Start of Block

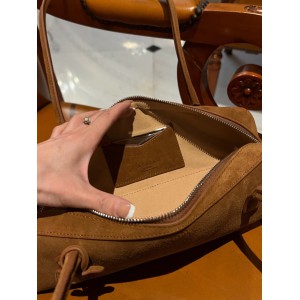 Alaia Le teckel medium bag 33x10x11cm Bags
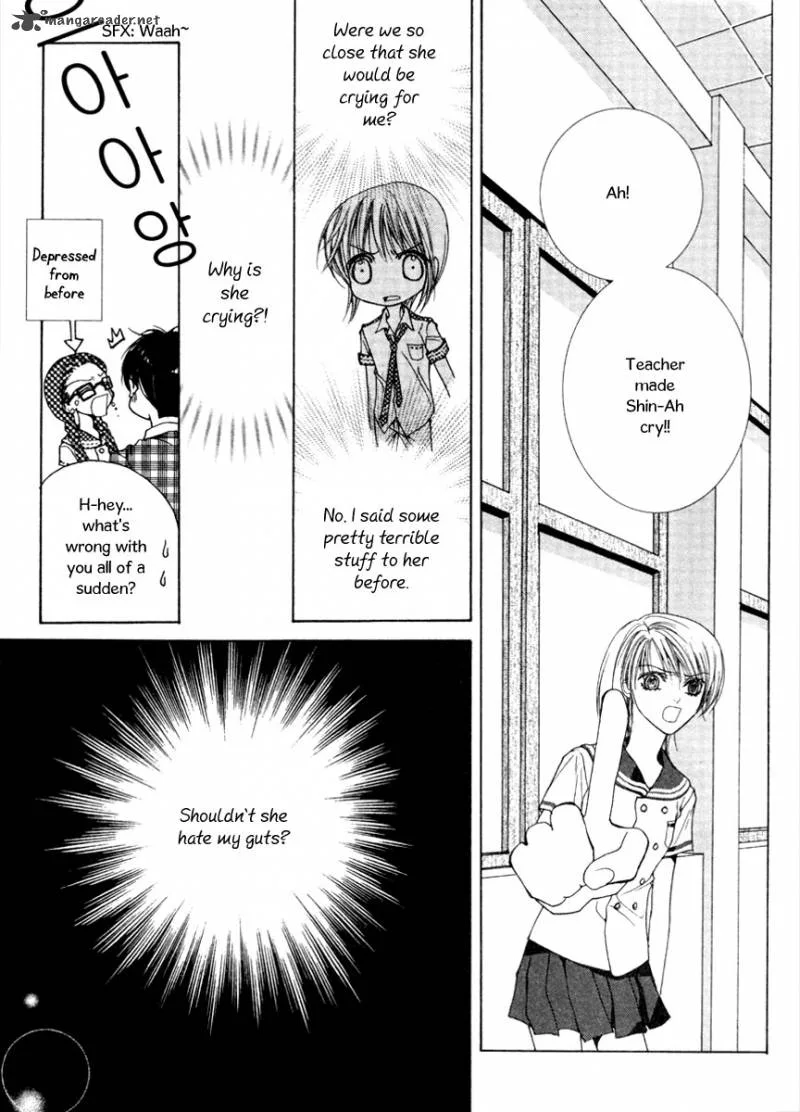 Adventure and Trouble Diary Chapter 9 page 27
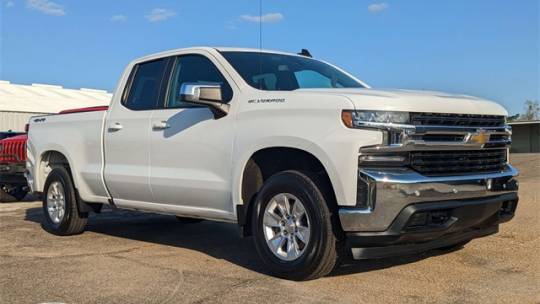 2020 Chevrolet Silverado 1500 LT — Pickup Truck — 77,522 mi — Marianna, FL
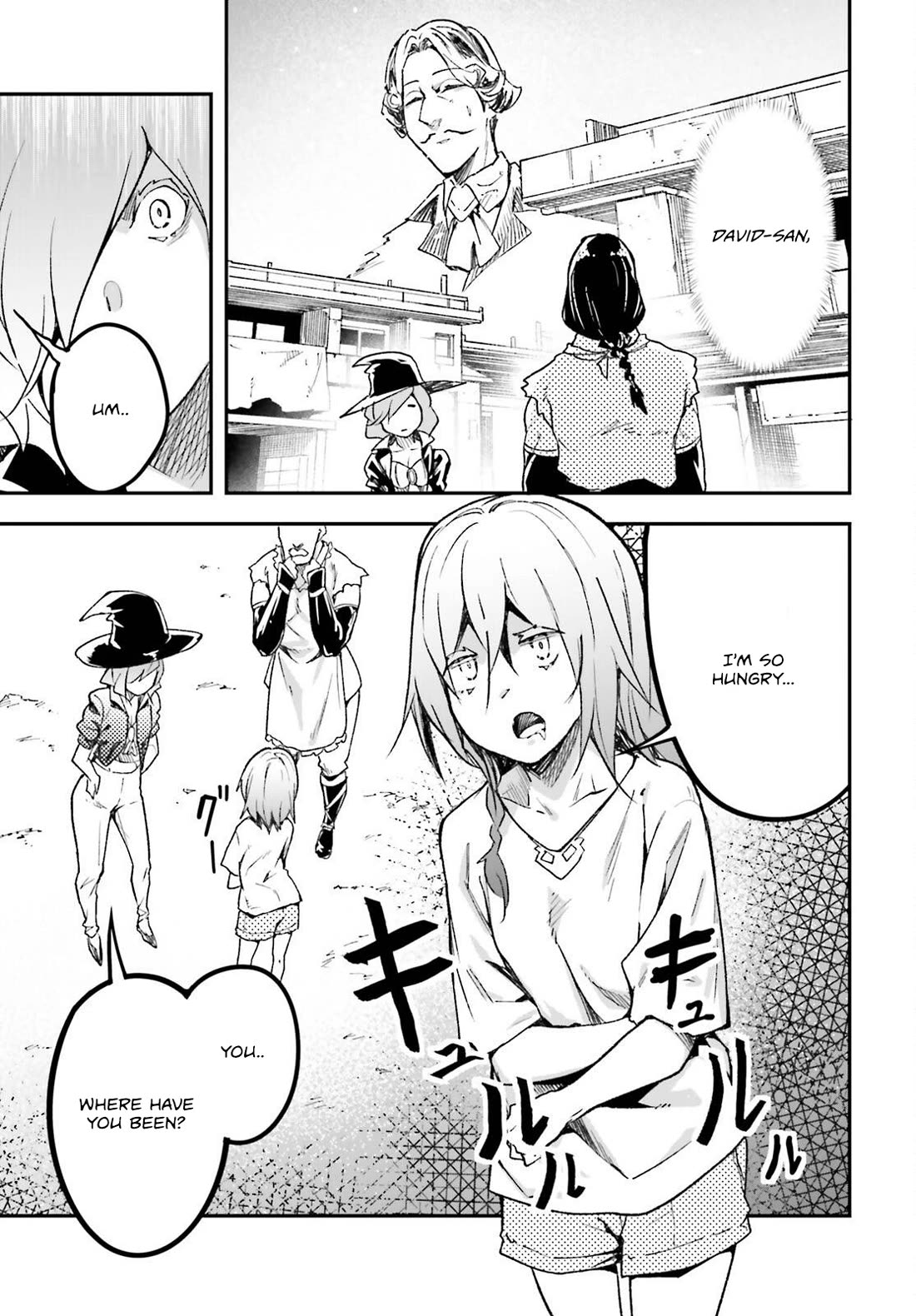 LV999 no Murabito Chapter 82 page 22 - Chapter 82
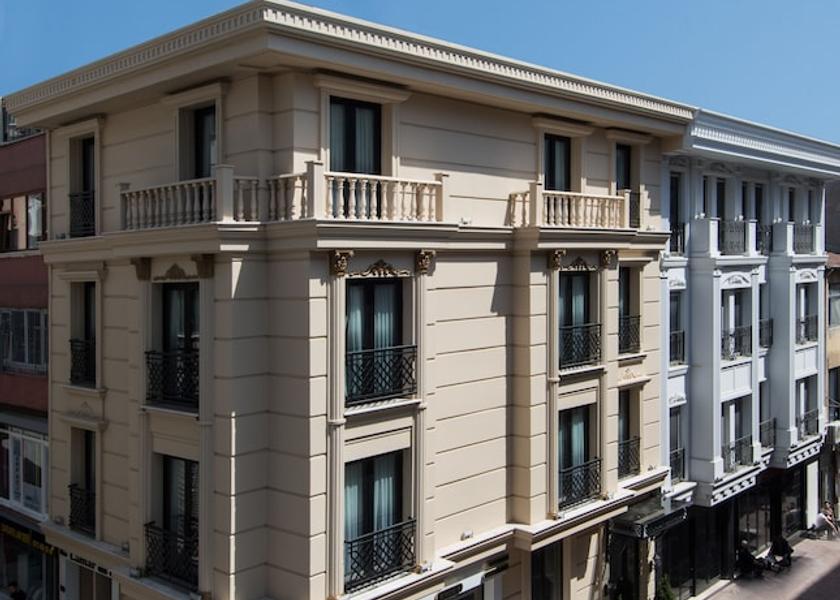 Istanbul Istanbul Exterior detail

End of Block

### Problem requirements
Transcribe the material as is, with images omitted.

### Answer to the exercise
 Alaia Le teckel medium bag 33x10x11cm Bags
 Adventure and Trouble Diary Chapter 9 page 27
 2020 Chevrolet Silverado 1500 LT — Pickup Truck — 77,522 mi — Marianna, FL
 LV999 no Murabito Chapter 82 page 22 - Chapter 82
 Istanbul Istanbul Exterior detail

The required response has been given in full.